* [Your instructions] Keep the pictures out of your copy. Transcribe the records below exactly.

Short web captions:

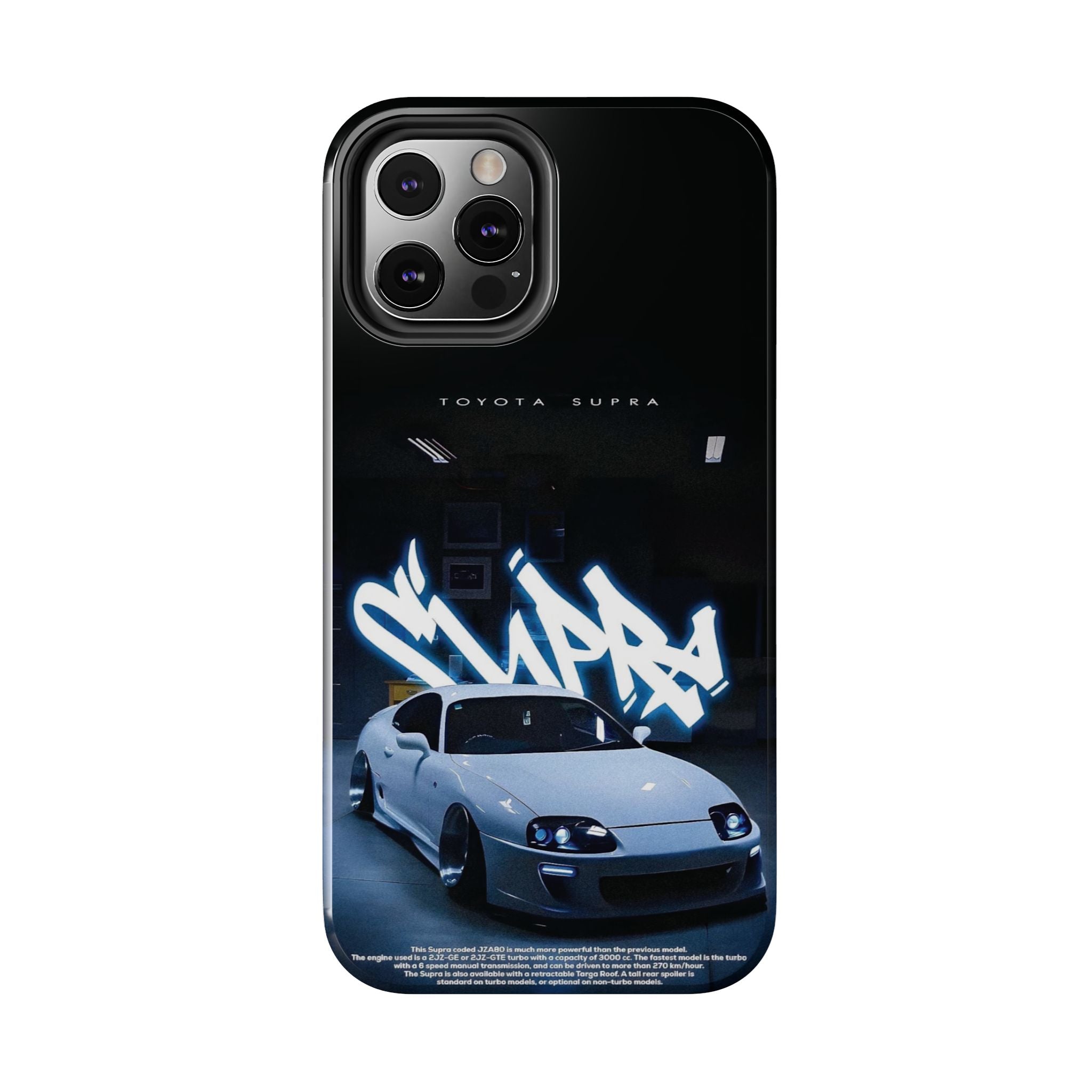 Toyota Supra Graffiti Phone Case - Tough & Stylish Protection for Car Enthusiasts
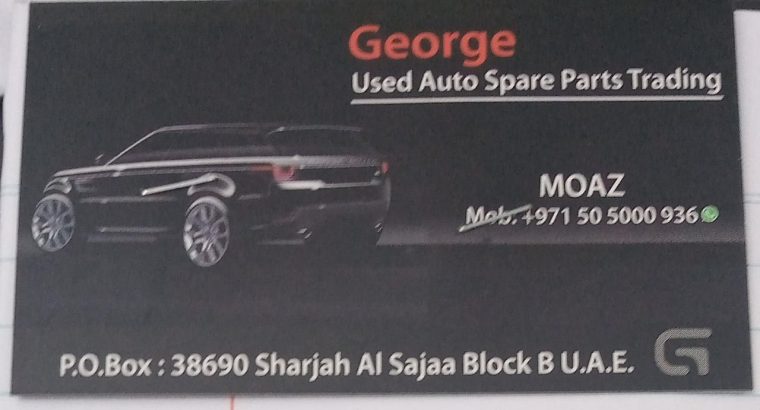 George Used Auto Spare parts TR (Used auto parts, Dealer, Sharjah spare parts Markets)
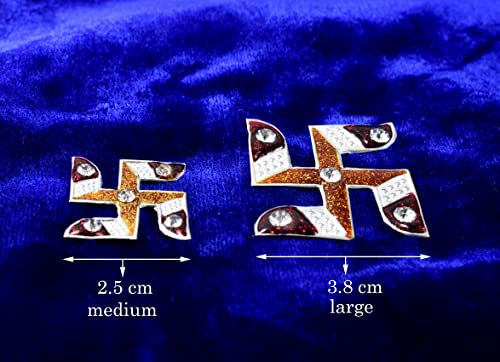 Image of KMJ Pure Silver(chandi) Designer Swastik /Sathiya for Pooja Temple (Medium)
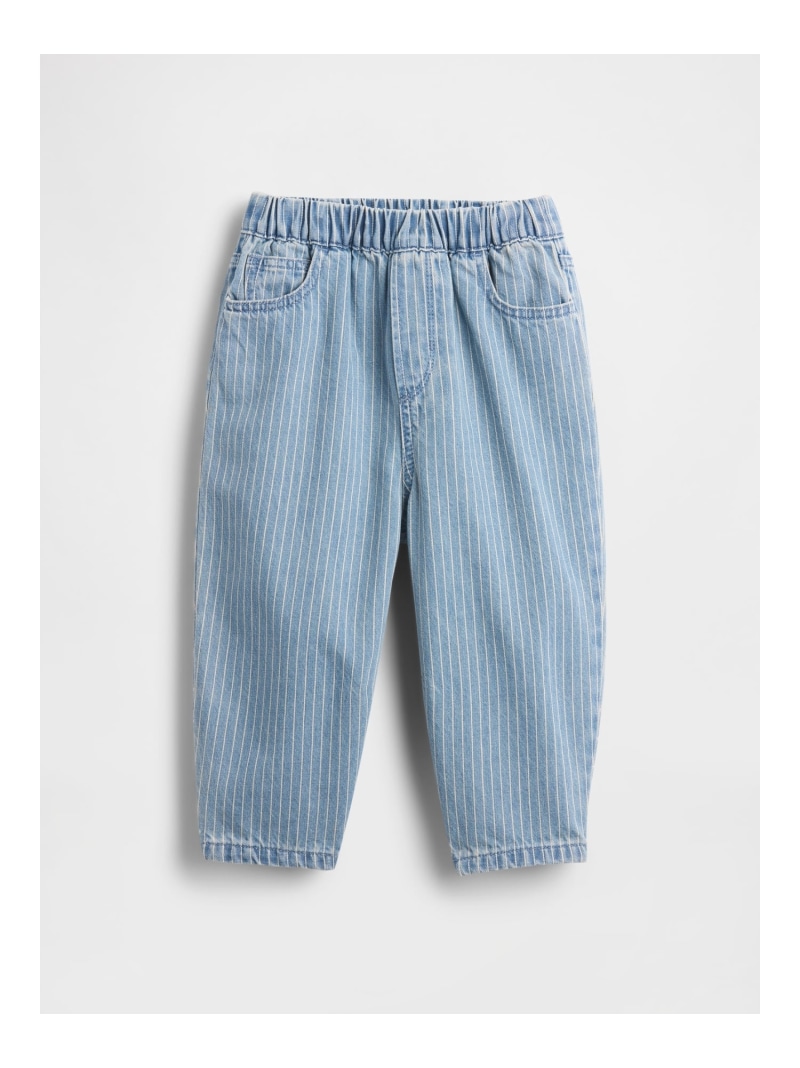 GAP (K)プルオン バレルデニム (幼児・ベビー) ギャップ パンツ ジーンズ・デニムパンツ ブルー【送料無料】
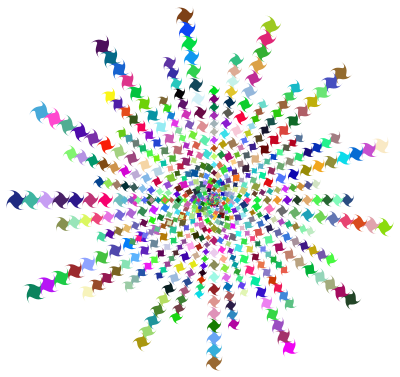 Prismatic Supernova No Background clipart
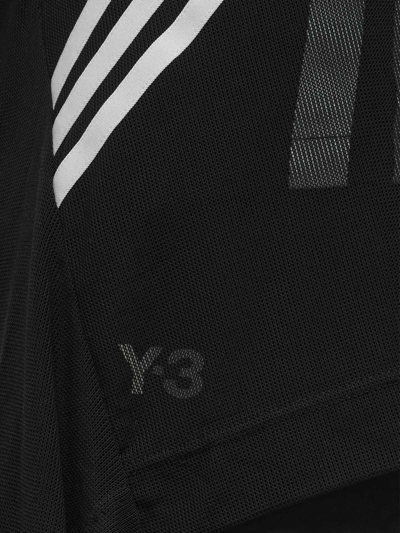 Shop Adidas Y-3 Yohji Yamamoto Women's Black Cotton T-shirt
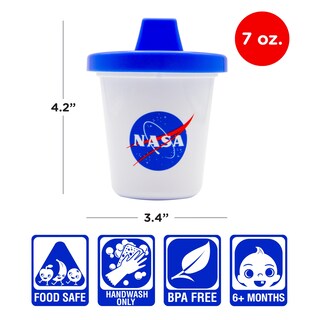 Foto 2 | Foto 2 | Vaso Para Bebés Gamago Nasa Adorablemente Bonito Para Bebés De Más De 6 Meses 200 Ml - Venta Internacional.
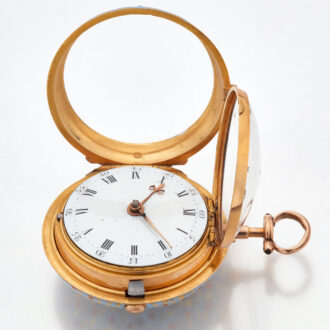English gold unusual enameled pocket watch Circa 1805 English gold unusual enameled pocket watch Circa 1805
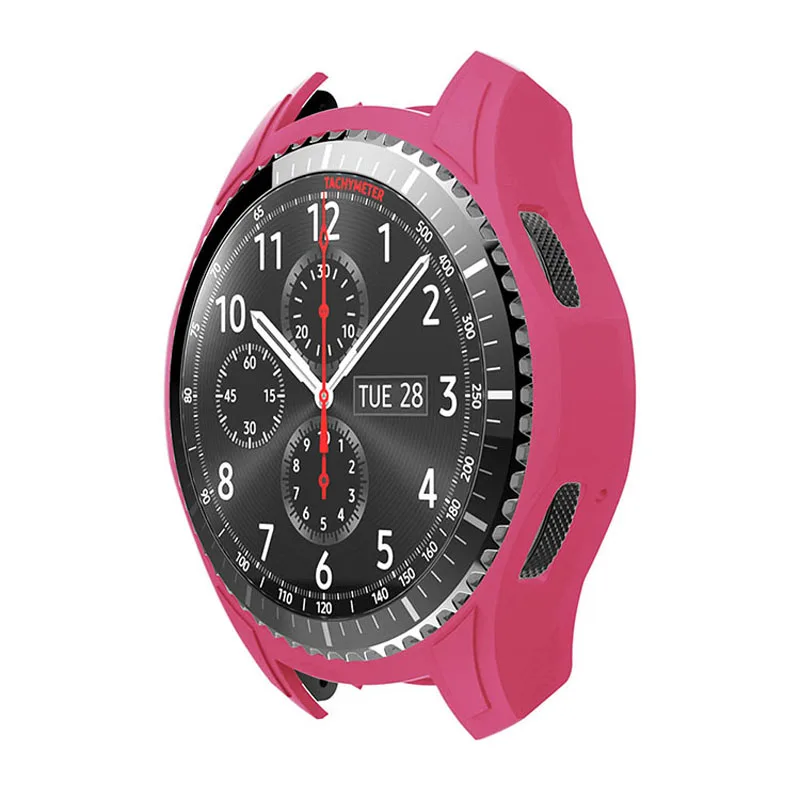 Защитный чехол для часов Samsung Gear S3 Frontier 22 мм smartwatch R760 силиконовый цветной рамка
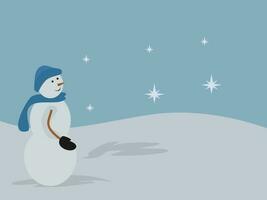 flat design winter vector illustration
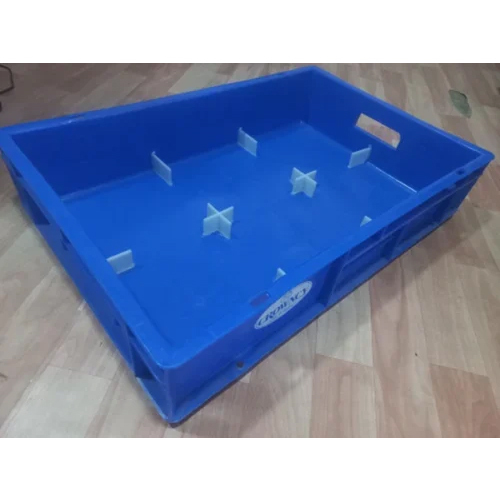 Rectangular Blue Storage Plastic Crate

* [Reply]
 Toyota Supra Graffiti Phone Case - Tough & Stylish Protection for Car Enthusiasts
 George Used Auto Spare parts TR (Used auto parts, Dealer, Sharjah spare parts Markets)
 Image of KMJ Pure Silver(chandi) Designer Swastik /Sathiya for Pooja Temple (Medium)
 GAP (K)プルオン バレルデニム (幼児・ベビー) ギャップ パンツ ジーンズ・デニムパンツ ブルー【送料無料】
 Prismatic Supernova No Background clipart
 Shop Adidas Y-3 Yohji Yamamoto Women's Black Cotton T-shirt
 Foto 2 | Foto 2 | Vaso Para Bebés Gamago Nasa Adorablemente Bonito Para Bebés De Más De 6 Meses 200 Ml - Venta Internacional.
English gold unusual enameled pocket watch Circa 1805 English gold unusual enameled pocket watch Circa 1805
 Защитный чехол для часов Samsung Gear S3 Frontier 22 мм smartwatch R760 силиконовый цветной рамка
 flat design winter vector illustration
 Rectangular Blue Storage Plastic Crate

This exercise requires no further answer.